Items from a dataset
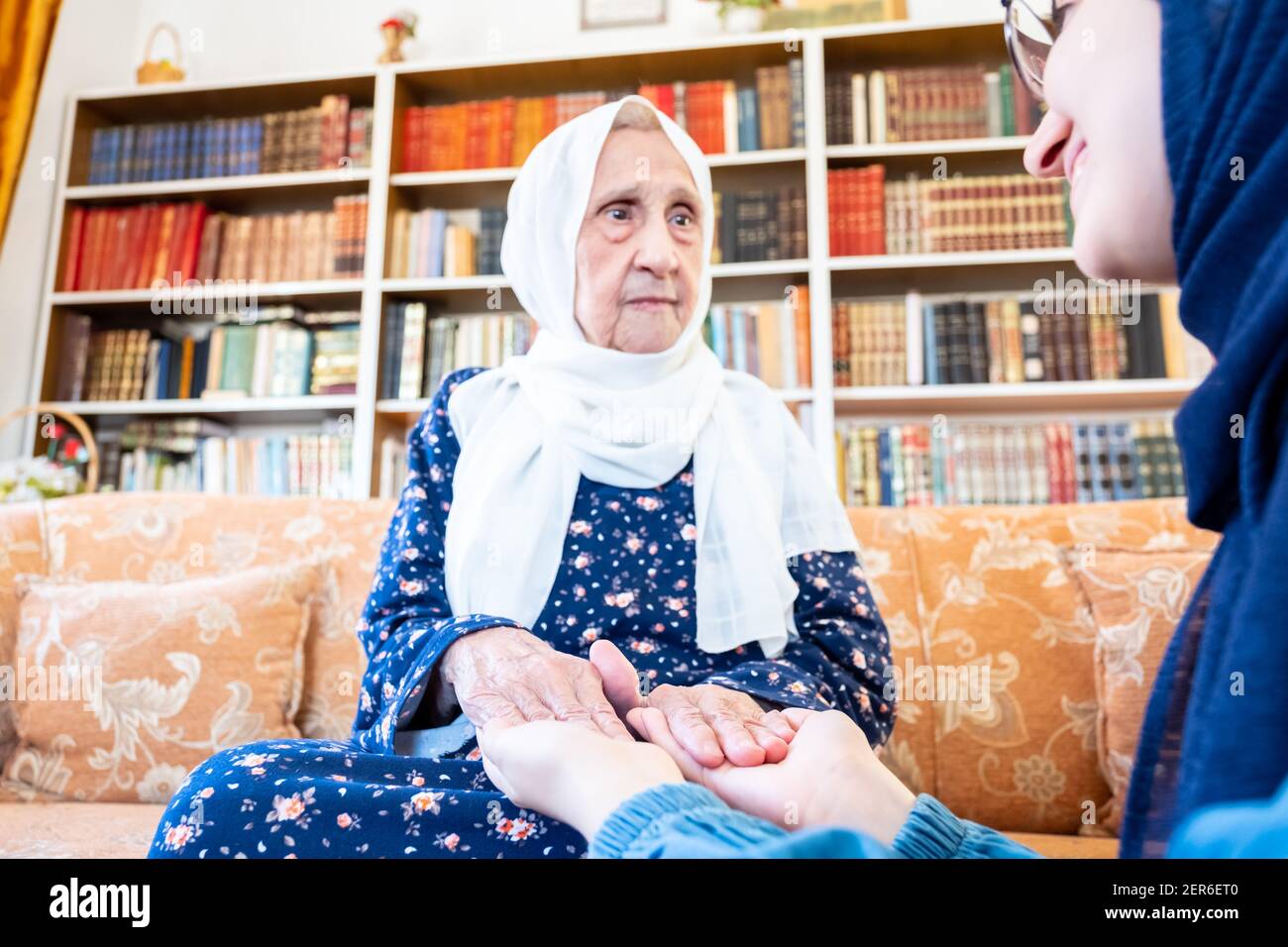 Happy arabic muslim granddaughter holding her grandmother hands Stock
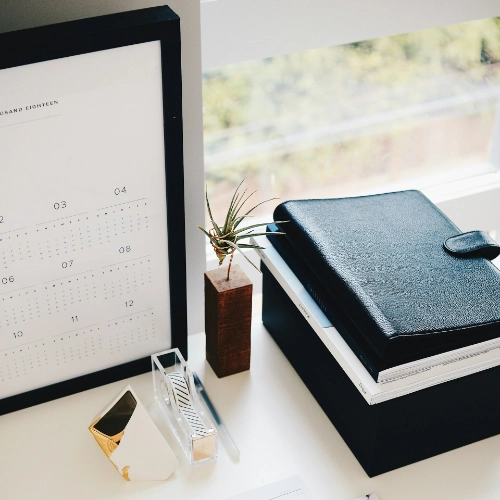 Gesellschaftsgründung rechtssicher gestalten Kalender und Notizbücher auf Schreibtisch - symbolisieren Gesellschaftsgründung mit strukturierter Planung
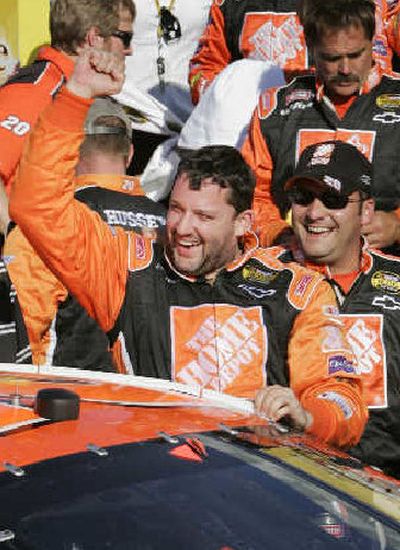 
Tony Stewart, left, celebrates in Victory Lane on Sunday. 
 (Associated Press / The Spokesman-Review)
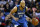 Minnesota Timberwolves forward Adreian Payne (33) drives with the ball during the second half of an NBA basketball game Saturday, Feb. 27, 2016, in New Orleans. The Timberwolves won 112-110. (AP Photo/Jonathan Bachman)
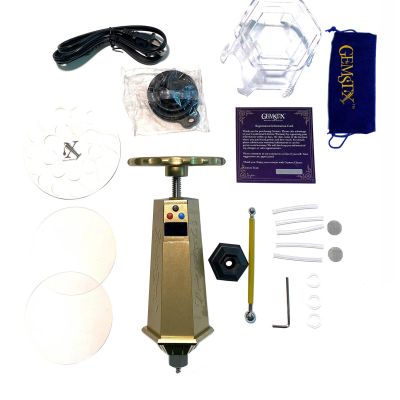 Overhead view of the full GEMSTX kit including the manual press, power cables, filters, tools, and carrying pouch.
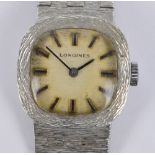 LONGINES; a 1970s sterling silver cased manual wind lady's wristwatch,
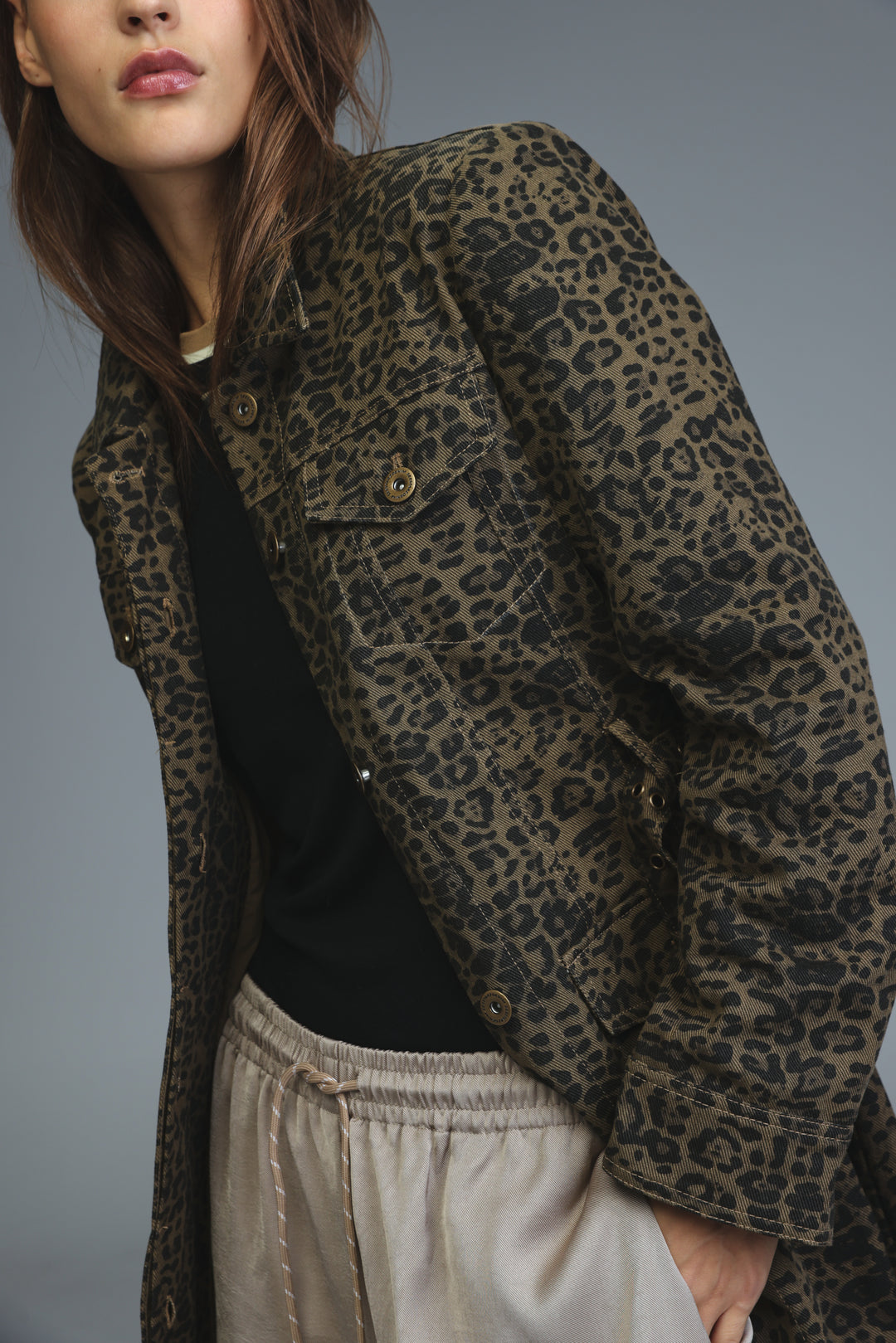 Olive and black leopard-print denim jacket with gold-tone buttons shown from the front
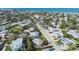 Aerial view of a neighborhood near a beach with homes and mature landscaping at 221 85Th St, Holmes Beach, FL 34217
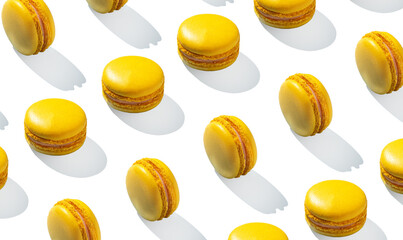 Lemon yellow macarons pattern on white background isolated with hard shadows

Work instructions: The stretch above running from the line with "(Associated Press / The Spokesman-Review)" through the line with "Overhead view of" is all you should copy, exactly, leaving out the pictures.

Your response:
 (Associated Press / The Spokesman-Review)
 Minnesota Timberwolves forward Adreian Payne (33) drives with the ball during the second half of an NBA basketball game Saturday, Feb. 27, 2016, in New Orleans. The Timberwolves won 112-110. (AP Photo/Jonathan Bachman)
 Overhead view of the full GEMSTX kit including the manual press, power cables, filters, tools, and carrying pouch.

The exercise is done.